Cuando dos personas amantes del cine comienzan a hablar, corren el riesgo de introducirse en una espiral de fotogramas, actores, música y directores con difícil salida o conclusión, sobre todo si el medio que utilizan son los 140 crueles caracteres de Twitter. Sin embargo, es el “durante” y no el final lo que lo convierte en un viaje placentero. Más aún si la persona con la que lo compartes es Javier Lezaola (Gran periodista, experto en cine y mejor conversador: @javierlezaola )

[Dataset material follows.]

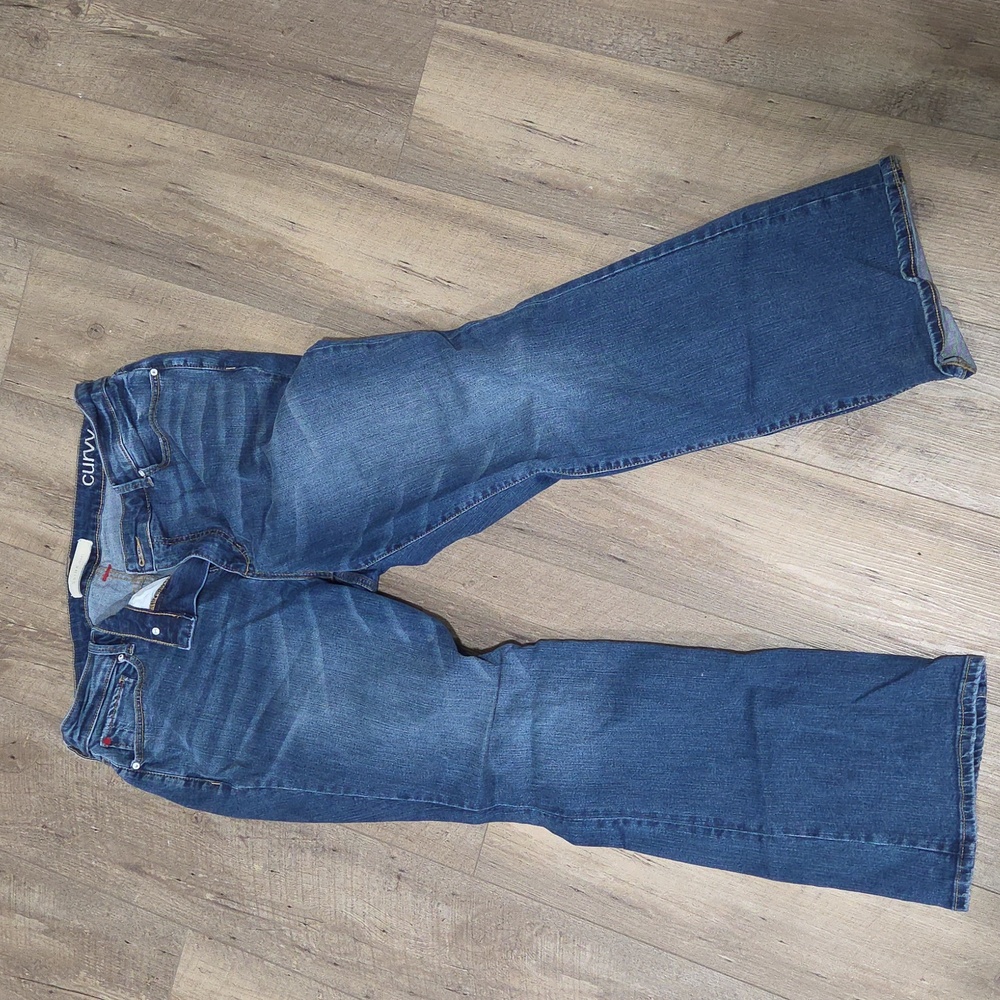 Curvy Women's Boot Cut Jeans - Blue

Por ordenar nuestros gustos en cine y básicamente por entretenernos, decidimos hacer una lista de las diez mejores películas españolas de la historia y sin atender a demasiados criterios férreos, a lo largo de la tarde surgió por sí misma la regla de no repetir director. Ninguna más.
Las he ordenado cronológicamente pues haber hecho un ranking real por calidad o gustos propios nos hubiera llevado tiempo indefinido. Hagan su lista propia, como mejor les plazca y estará perfecta.

Calle Mayor (Juan Antonio Bardem, 1956): Terrible historia sobre la rancia y oscura vida de provincias (en palabras de Javier Lezaola
“una historia de terror”) a la que la censura franquista quiso hincar el diente sin mucho éxito por suerte y que nos sumerge en la crueldad de los hombres bromistas que simulan un enamoramiento ante una inocente Betsy Blair, “solterona” de la época y genialmente dirigida por un Bardem soberbio.

Viridiana (Buñuel, 1961): Humor negro que enfrenta y desordena la moralidad de los protagonistas mientras satiriza a la burguesía y al catolicismo. Paco Rabal y Silvia Pinal en constante baile de seducción contra todo ello., luchando entre la moral y los deseos de ambos. Genial la música de Haendel en ciertos momentos y si me lo permitís, un guiño glorioso el soltar el pelo de Silvia Pinal cuando se abandona a su pasión.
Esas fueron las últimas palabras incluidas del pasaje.